Task details: After finding the line that holds "海南陈籽星月菩提108颗圆珠10mm设计款三通款弟子珠脖挂多圈手串" below, set down that line and the rest through the final one exactly, leaving the pictures out.

Available records below:

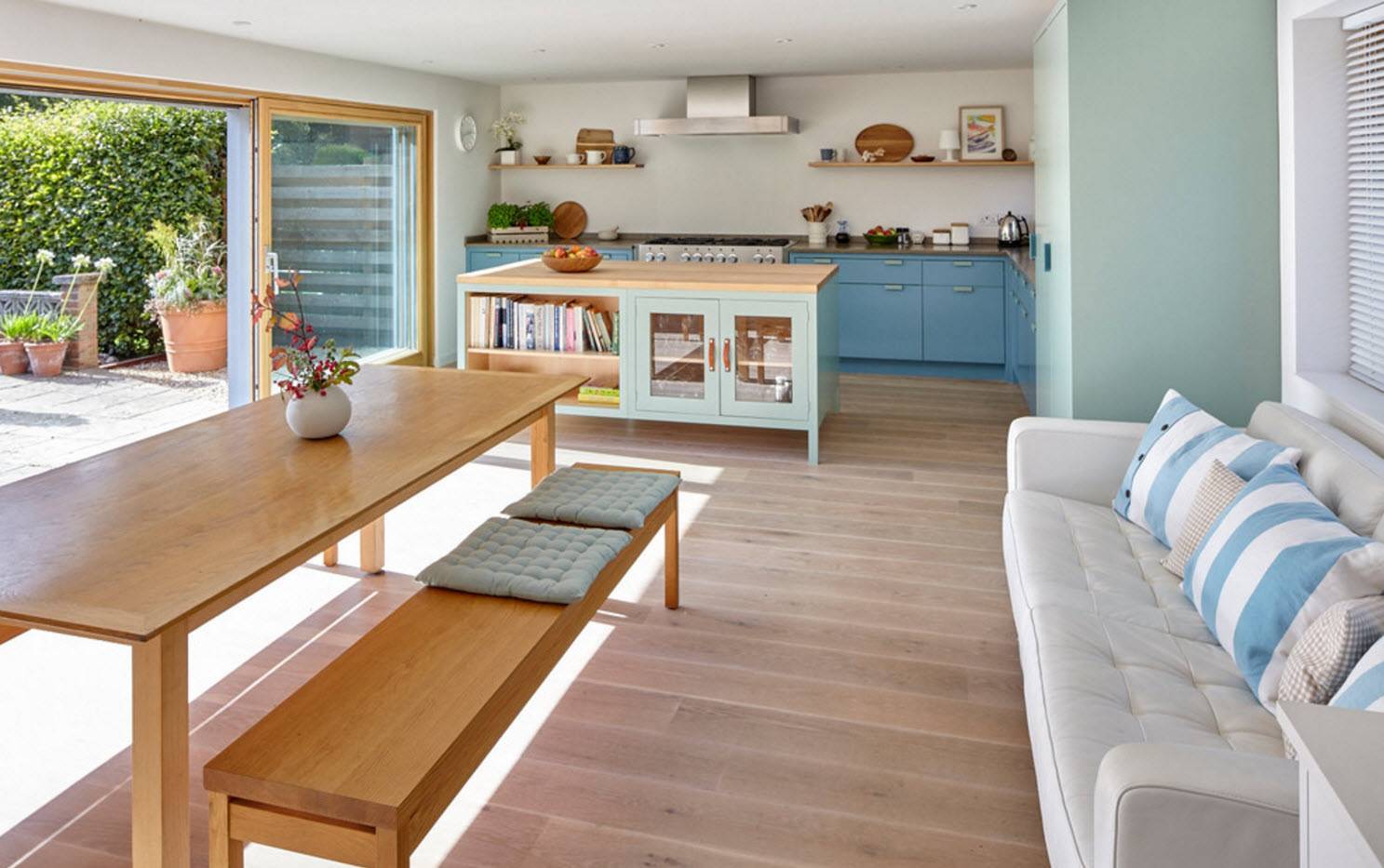 Дизайн кухни-гостиной с диваном в современном стиле: 50 фото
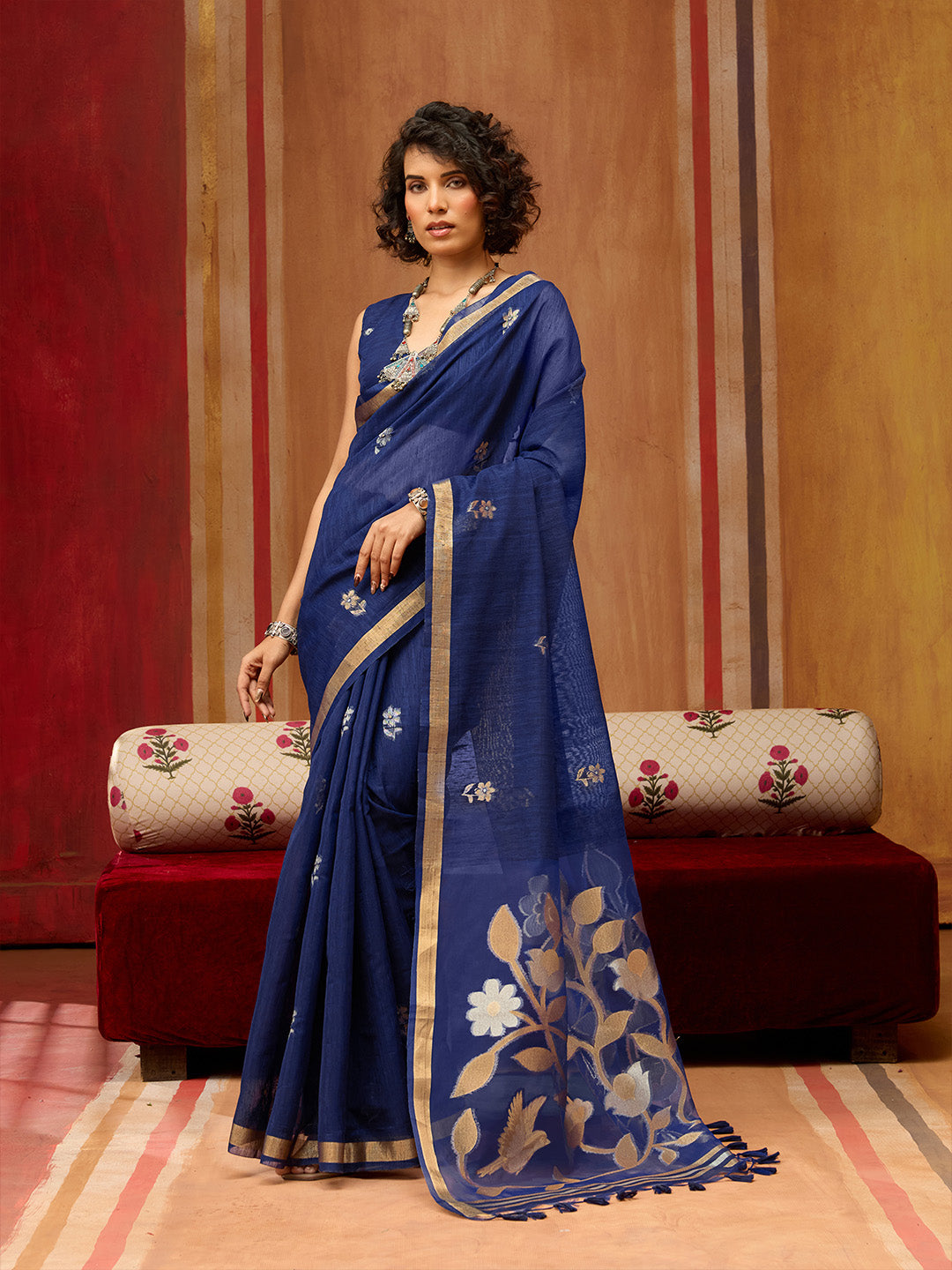 Urban Pallu Striped Silk Cotton Work Saree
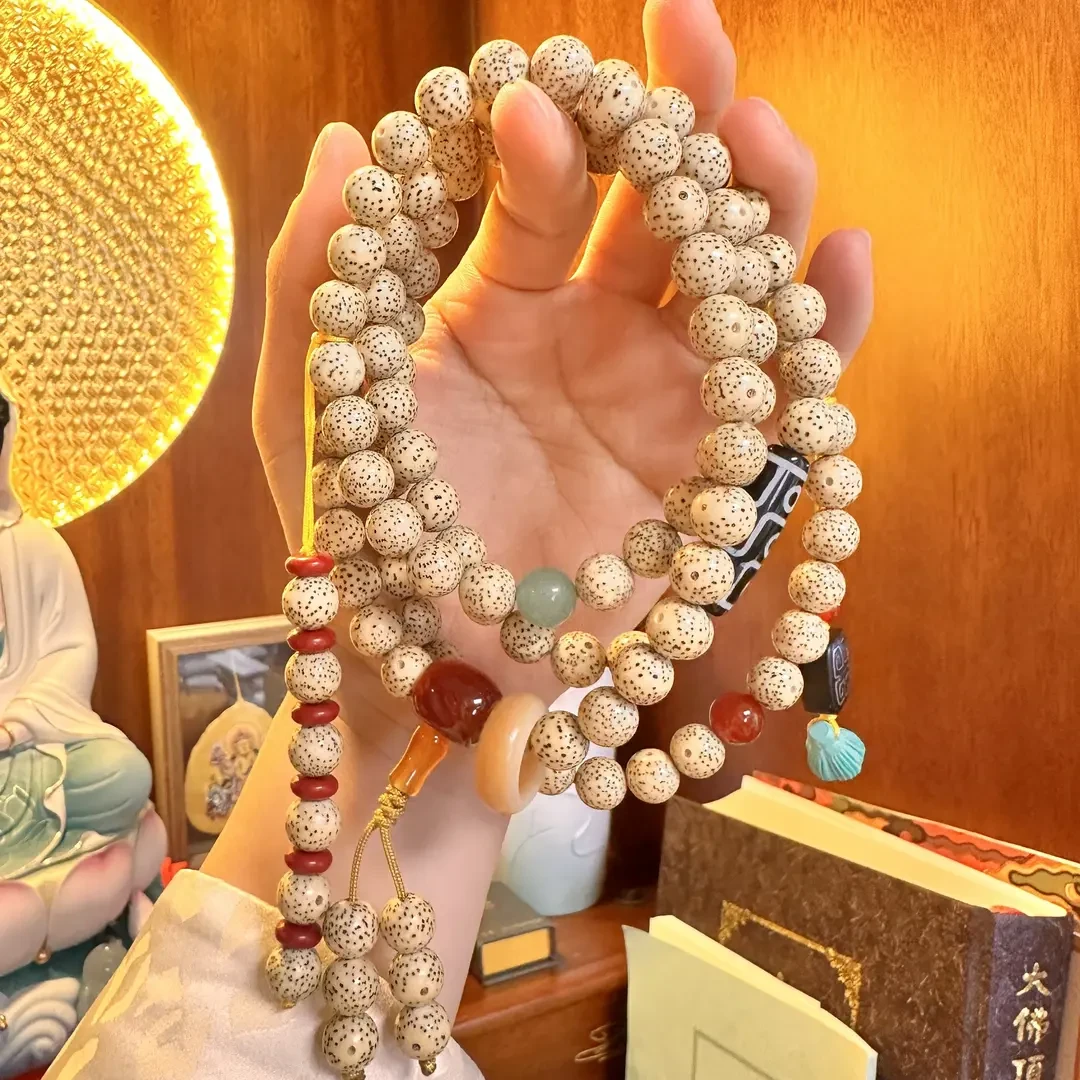 海南陈籽星月菩提108颗圆珠10mm设计款三通款弟子珠脖挂多圈手串
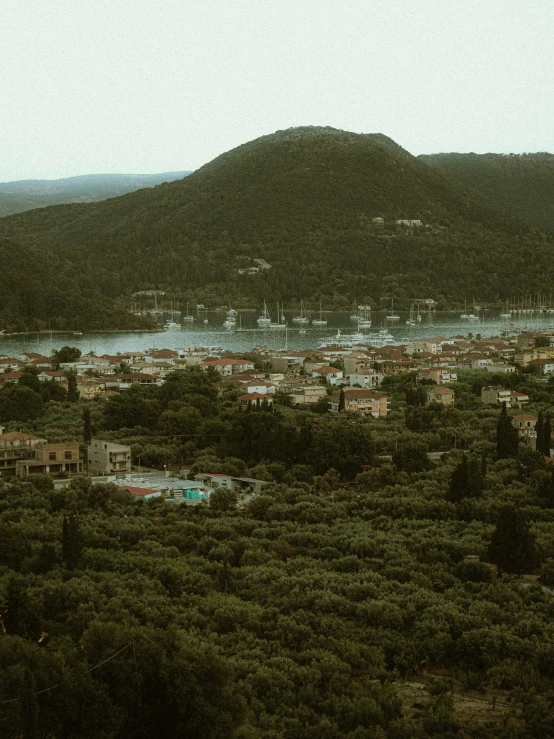 view of small town and lake from hill top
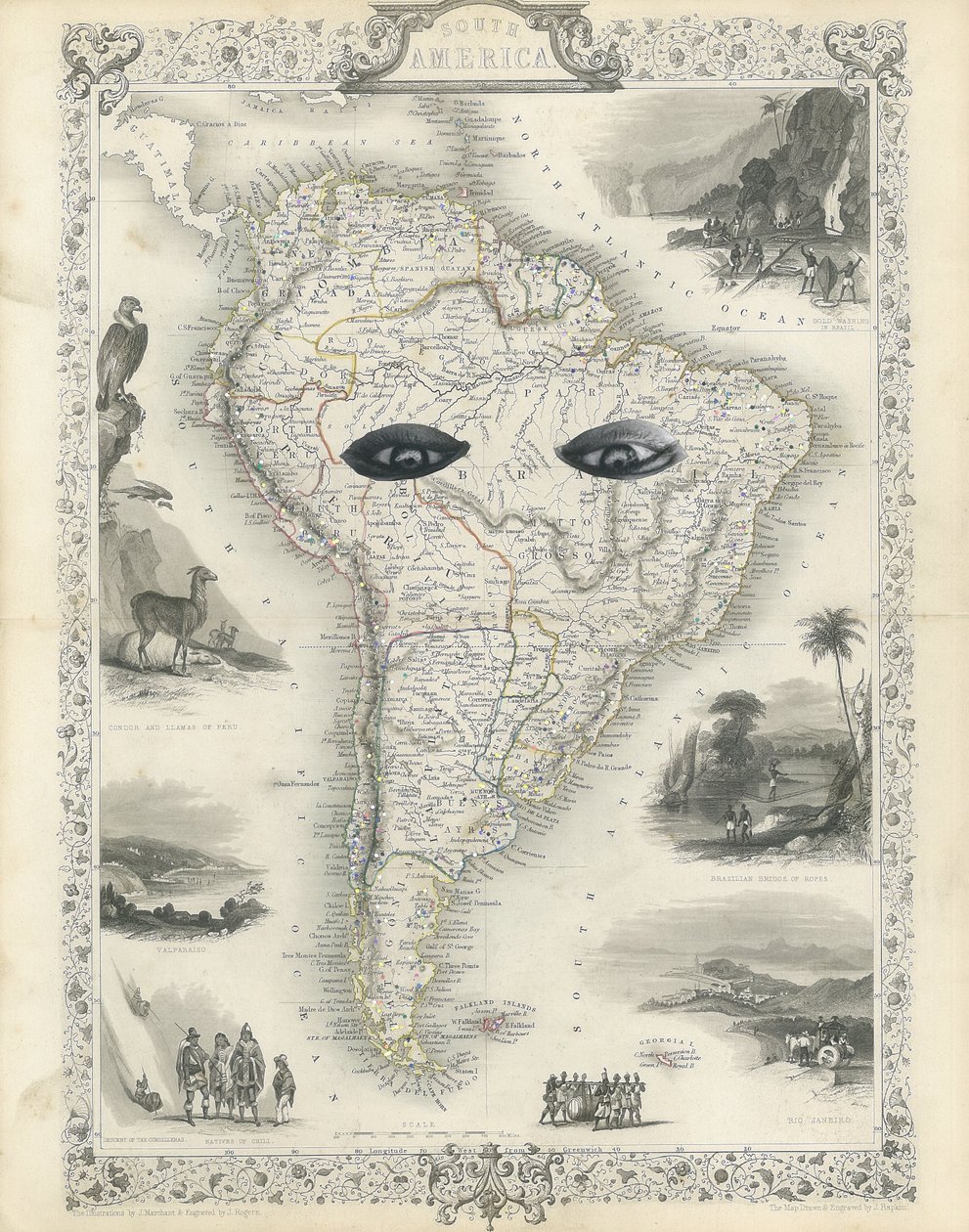 América do Sul colonial, 2017 (colagem de corte de papel) de Deirdre Kelly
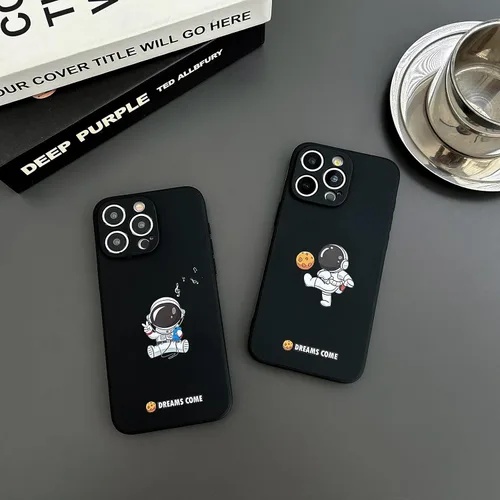 Vista 6 de Yonds Queen Funda protectora de TPU para iPhone SE 2022 (3ª generación), compatible con iPhone 7/8/SE2 (2020), diseño de astronauta, planeta, luna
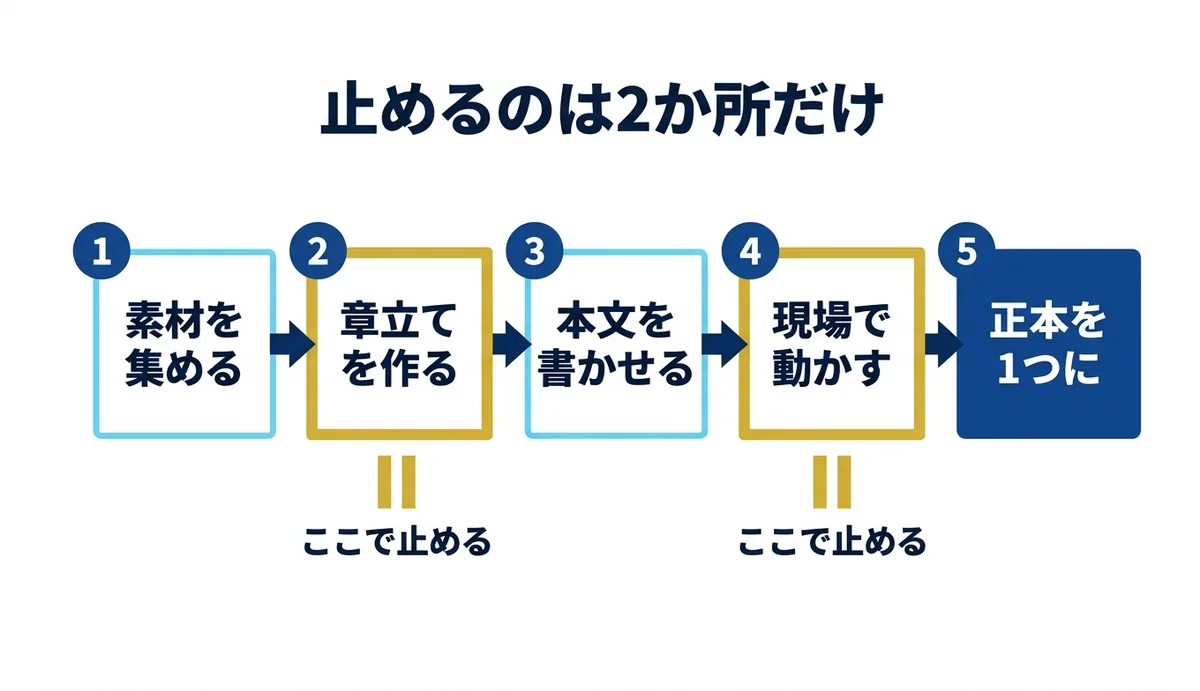5工程のうち章立てと現場確認の2か所で止める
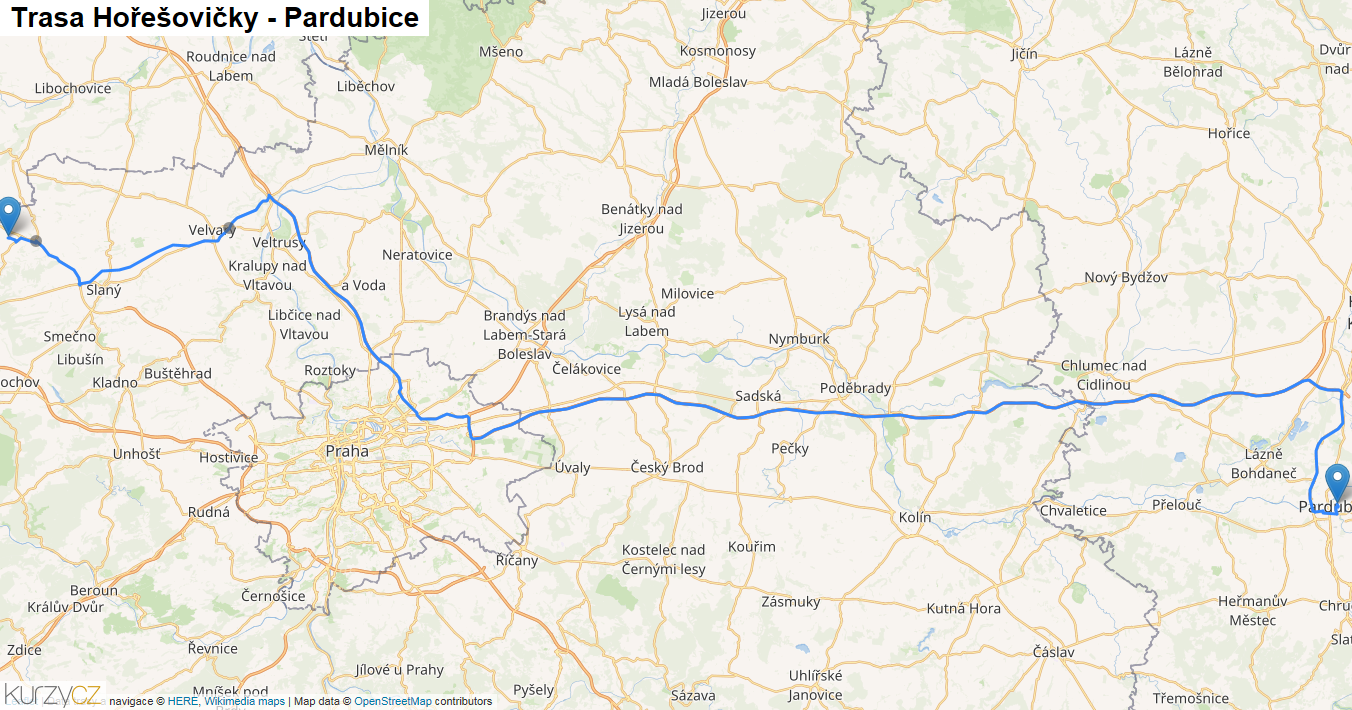 Hořešovičky-Pardubice, mapa trasy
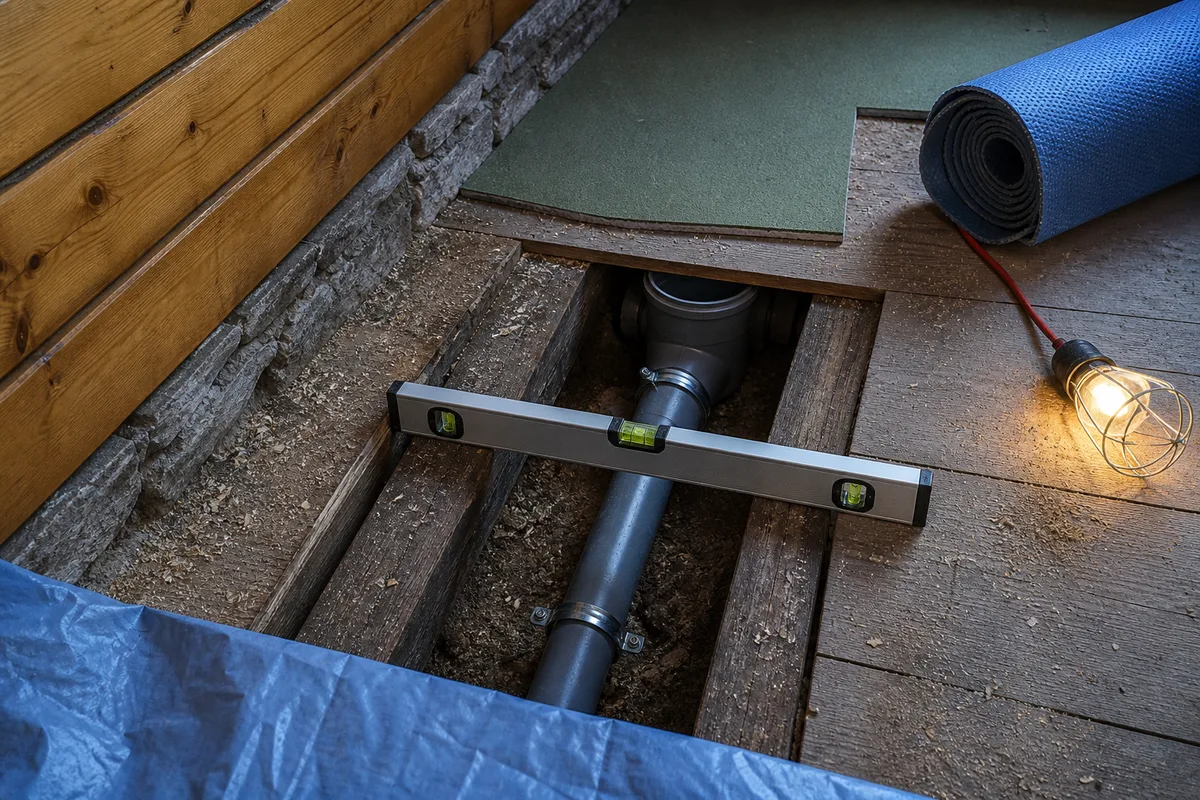 Plancher bois ouvert entre deux solives dans un chalet, tuyau d’évacuation de douche posé en pente vers la chute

End of Available records.

Completed exercise:
 海南陈籽星月菩提108颗圆珠10mm设计款三通款弟子珠脖挂多圈手串
 view of small town and lake from hill top
 América do Sul colonial, 2017 (colagem de corte de papel) de Deirdre Kelly
 Vista 6 de Yonds Queen Funda protectora de TPU para iPhone SE 2022 (3ª generación), compatible con iPhone 7/8/SE2 (2020), diseño de astronauta, planeta, luna
5工程のうち章立てと現場確認の2か所で止める
 Hořešovičky-Pardubice, mapa trasy
 Plancher bois ouvert entre deux solives dans un chalet, tuyau d’évacuation de douche posé en pente vers la chute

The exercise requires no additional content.